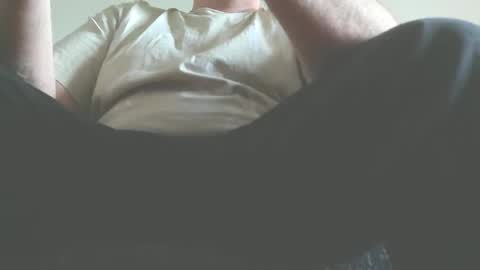 Snapshot of andionline chatting on 10.09.25 andreas online show from 10.09.25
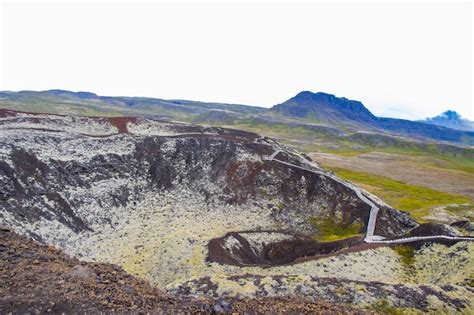 Vulcão inativo da cratera vulcânica de Grabrok musgo verde na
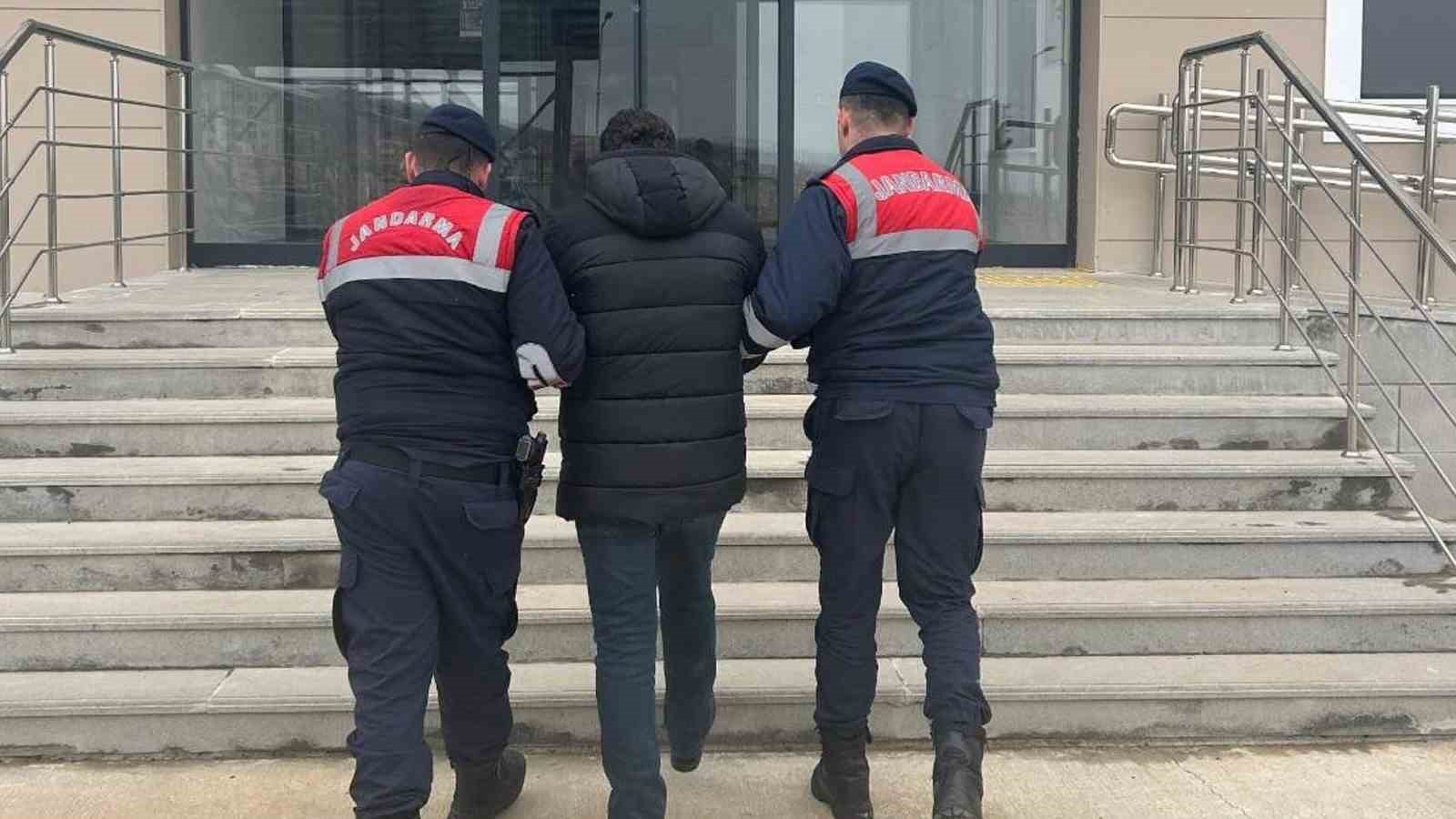 Kırıkkale&rsquo;de 80 yıl hapis cezası bulunan h&uuml;k&uuml;ml&uuml; yakalandı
====
#### Exercise directions:
Could you return the whole listing exactly, images excluded?

#### Task output:
 Snapshot of andionline chatting on 10.09.25 andreas online show from 10.09.25
 Vulcão inativo da cratera vulcânica de Grabrok musgo verde na
 Kırıkkale&rsquo;de 80 yıl hapis cezası bulunan h&uuml;k&uuml;ml&uuml; yakalandı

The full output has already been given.